» EXERCISE DESCRIPTION
Write out exactly the lines between the line containing "Gray Mesh Back Gaming Chair S798095" and the end of the records, counting both ends, and leave out all pictures.

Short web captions
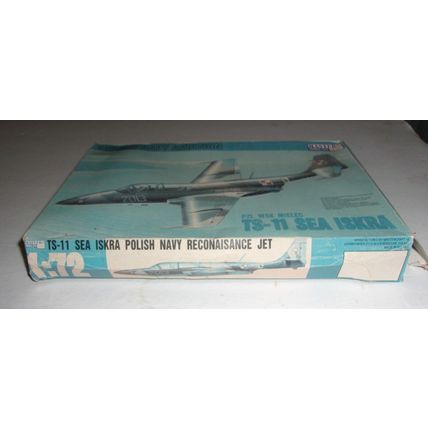Master Craft Kit #7201 PZL WSK Mielsec TS-11 Sea Iskra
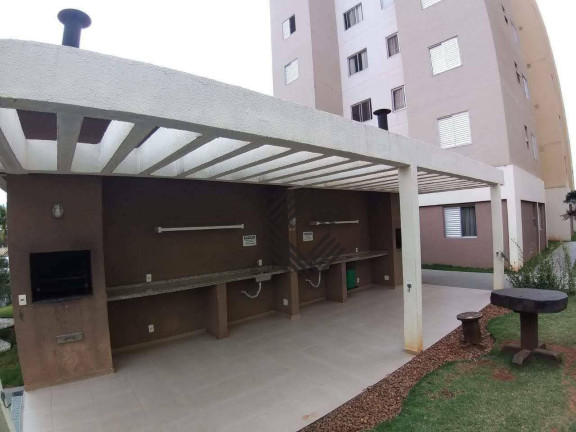 Imagem Apartamento com 2 Quartos para Alugar, 54 m² em Parque Campolim - Sorocaba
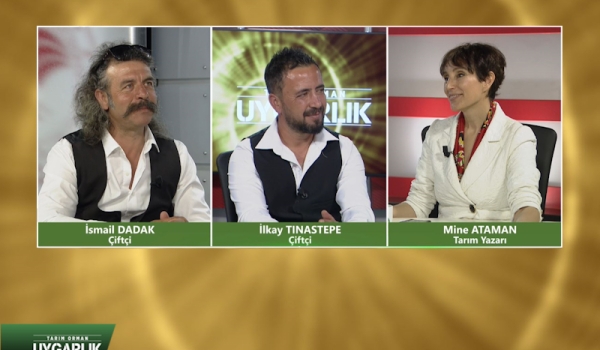 Tarım Orman Uygarlık 31.Bölüm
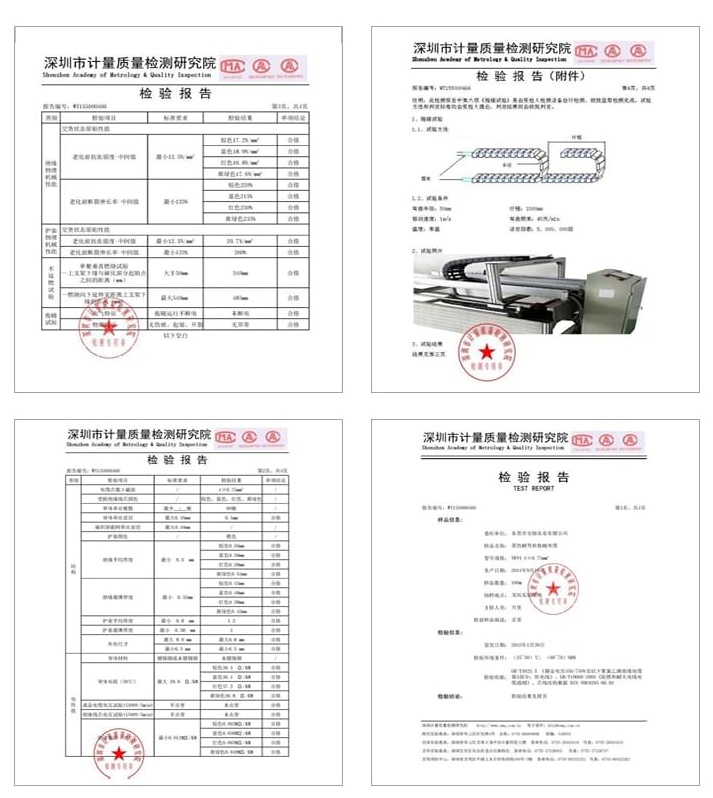 質量檢測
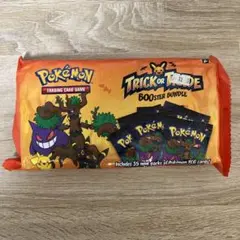 トリックオアトレード TrickorTrade 2024 10パック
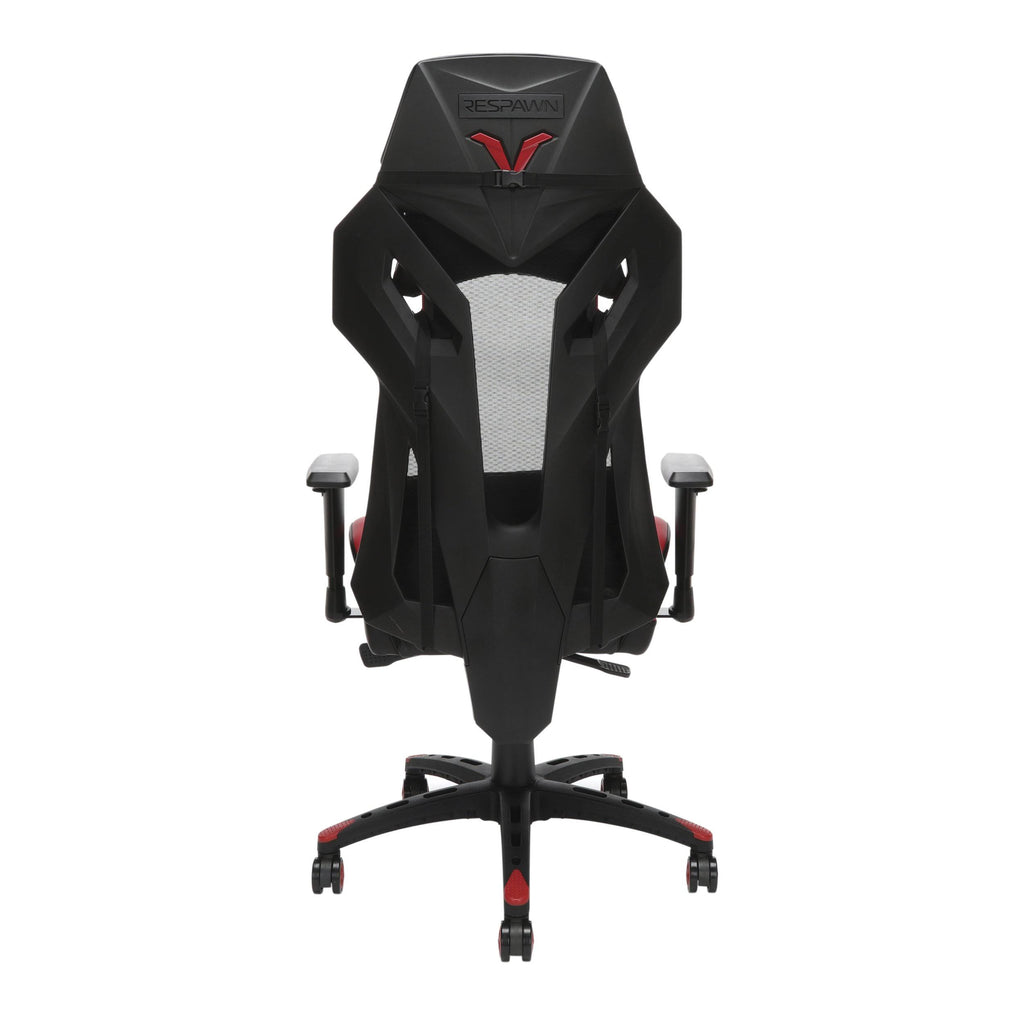 Gray Mesh Back Gaming Chair S798095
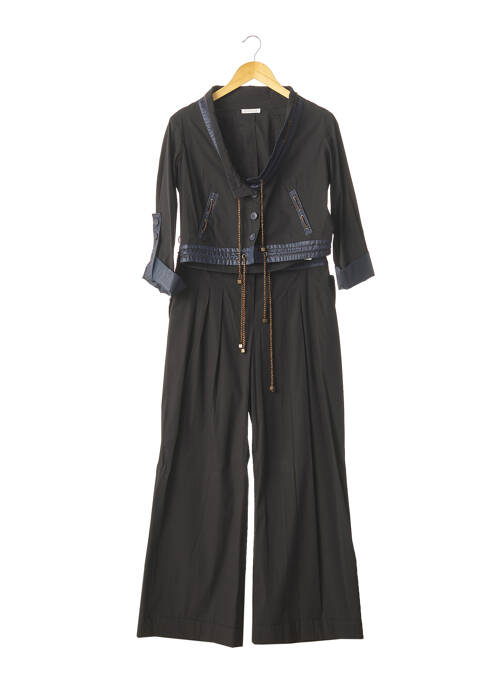 Set pantaloni negru PAULE KA femeie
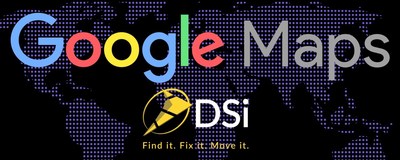 Dispatching Solutions, Inc integrates with Google Maps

» YOUR SOLUTION
 Gray Mesh Back Gaming Chair S798095
 Set pantaloni negru PAULE KA femeie
 Dispatching Solutions, Inc integrates with Google Maps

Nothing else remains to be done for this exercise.